Why having both default destructor and vector member prevents class to be "nothrow movable constructible"?

Question

Given the following code:

#include <iostream>
#include <vector>
#include <type_traits>

class Test {
public:
    ~Test() = default;
    std::vector<int> m_vector;
};


int main() {
    std::cout << std::is_nothrow_move_constructible_v<Test> << std::endl;
    return 0;
}

It outputs 0, meaning the Test class can't be "nothrow moved". However, if I remove either ~Test() or m_vector then it returns 1.

How to explain this please?

For reference, I'm using clang++-7 with C++17.

Answer 1

See [class.copy.ctor]/8:

If the definition of a class X does not explicitly declare a move constructor, a non-explicit one will be implicitly declared as defaulted if and only if [other conditions omitted, and] X does not have a user-declared destructor.

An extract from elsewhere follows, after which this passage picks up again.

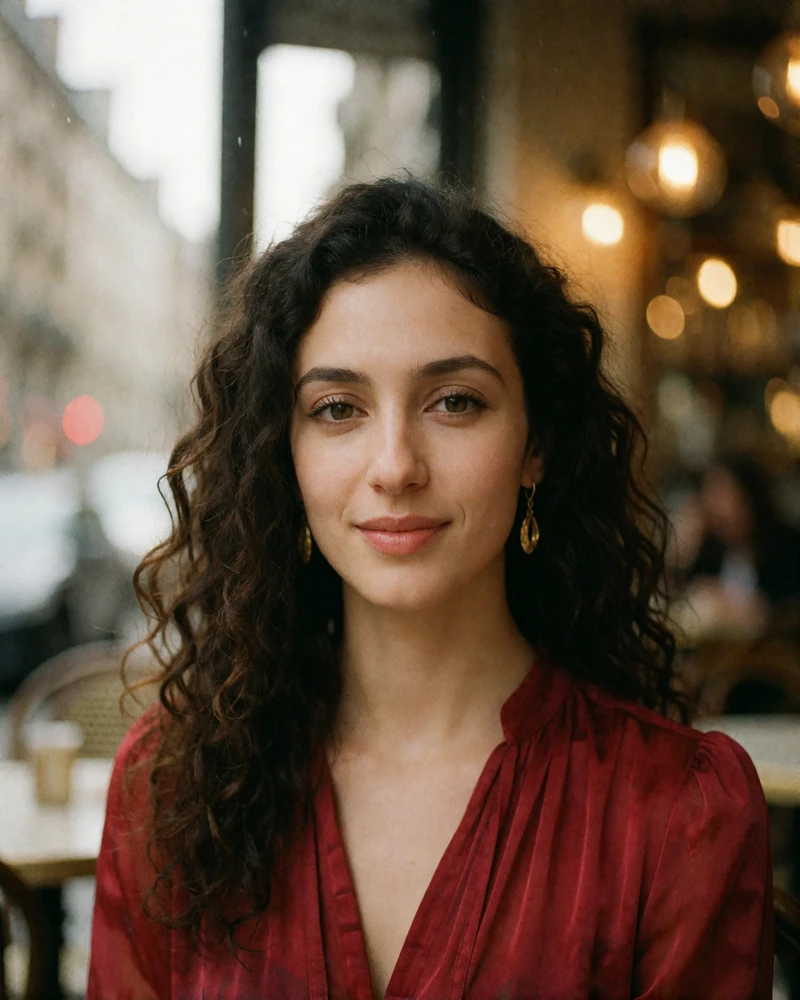 Smiling Armenian woman with dark curly hair in a deep red blouse photographed in a warmly lit café setting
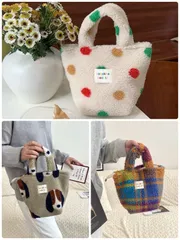 ボア　トートバッグ　ミニバッグ　手提げカバン　チェック　ドット　犬柄　秋冬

Thus, the Test class only has a copy constructor, not a move constructor. Any code that uses a Test rvalue to initialize a new Test object will use the copy constructor, which is not noexcept because of the vector member. If the vector member is removed, the copy constructor of Test will become trivial.

Answer 2

When you define a user declared destructor, the class will not have an implicitly generated move constructor. Hence, moving will invoke copy constructor. The copy constructor of std::vector is potentially throwing, hence the implicit copy constructor of Test will also be potentially throwing.